Modeling and Optimization of a Phase Change Material-Based Ocean Thermal Energy Harvester for Powering Uncrewed Underwater Vehicles

As oceans cover over 70% of the planet's surface, they represent a large reservoir of resources that remain vastly untapped. Uncrewed underwater vehicles (UUVs) are becoming a key technology for ocean exploration. Ocean thermal gradient is a permanent and reliable energy source that can be used to power UUVs using phase change material (PCM)-based thermal engines. When using PCM-based thermal engines to power UUVs, there are different energy conversion stages: thermal, hydraulic, kinetic, and electrical, dependent on a wide variety of parameters.

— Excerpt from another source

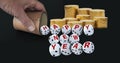 Dice spelling Happy New Year when tumbling out of a raffle cup hold by one hand with stacks of golden coins on black background.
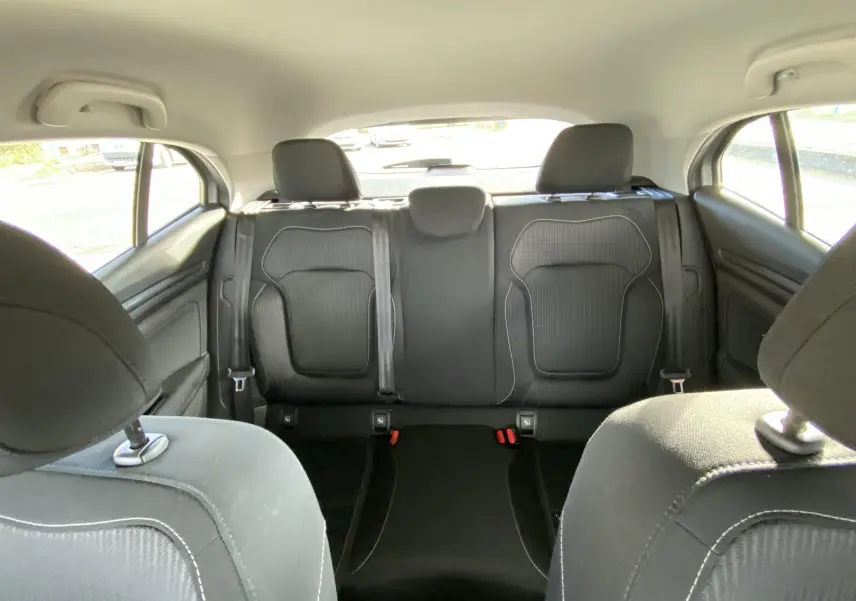 Vue intérieure arrière des sièges noirs en tissu de la Renault Mégane IV Berline gris, avec appuie-têtes et ceintures visibles.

Thus, optimization of the overall energy conversion is still a challenge for powering the increasing energy demanding UUVs for long missions. The goal of this study is to propose a PCM-based ocean thermal energy harvesting system for powering float-type UUVs such as the SOLO-II float. This reduces the cost of battery replacement and expands the float's mission time. For this purpose, we developed a theoretical model consisting of hydraulic and electrical systems, designed to provide the electrical power needed by the UUV. The hydraulic and electrical systems are implemented using matlab/simulink. Parameter values from the literature and an accumulator size of 3.78 L are used. The mass of PCM calculated for the energy harvesting system is 5.73 kg, providing a theoretical volume change of 0.78 L. Varying the value of the electrical load connected to the electrical generator, the developed model can, theoretically, provide 13.66 kJ of electrical energy, which is more than 1.5 times the energy requirement per cycle for the SOLO-II float.